*** PROVIDED RECORDS Section Begins ***
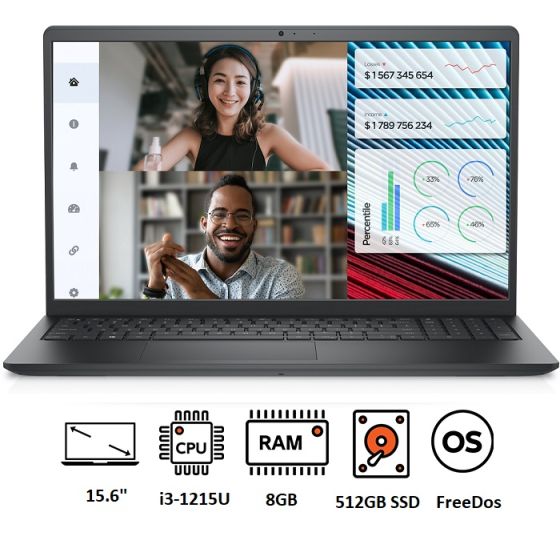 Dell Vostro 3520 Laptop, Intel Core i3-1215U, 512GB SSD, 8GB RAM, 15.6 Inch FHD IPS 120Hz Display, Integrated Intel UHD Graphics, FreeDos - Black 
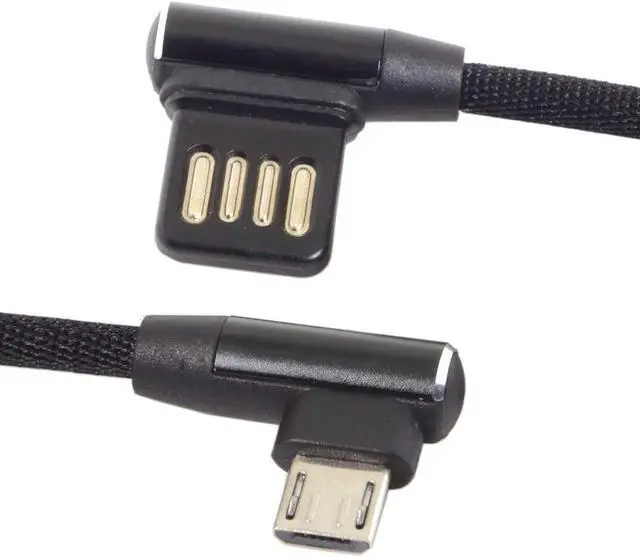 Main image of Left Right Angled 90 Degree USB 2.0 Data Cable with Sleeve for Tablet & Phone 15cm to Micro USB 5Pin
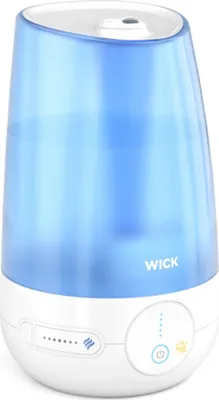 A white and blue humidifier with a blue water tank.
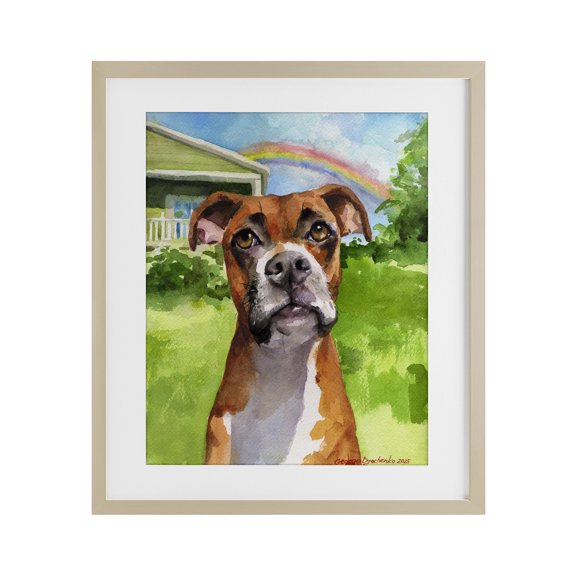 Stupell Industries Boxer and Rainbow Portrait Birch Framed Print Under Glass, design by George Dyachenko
*** PROVIDED RECORDS Section Ends ***
*** PROVIDED RECORDS Section Begins ***
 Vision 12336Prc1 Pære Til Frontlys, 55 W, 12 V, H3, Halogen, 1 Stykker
*** PROVIDED RECORDS Section Ends ***
▶ REQUIREMENT: Look above and copy only the lines from the one holding "Dell Vostro 3520" to the one holding "Stupell Industries Boxer", both included, exactly, minus the pictures.

▶ OUTPUT OF THE EXERCISE:
 Dell Vostro 3520 Laptop, Intel Core i3-1215U, 512GB SSD, 8GB RAM, 15.6 Inch FHD IPS 120Hz Display, Integrated Intel UHD Graphics, FreeDos - Black 
 Main image of Left Right Angled 90 Degree USB 2.0 Data Cable with Sleeve for Tablet & Phone 15cm to Micro USB 5Pin
 A white and blue humidifier with a blue water tank.
 Stupell Industries Boxer and Rainbow Portrait Birch Framed Print Under Glass, design by George Dyachenko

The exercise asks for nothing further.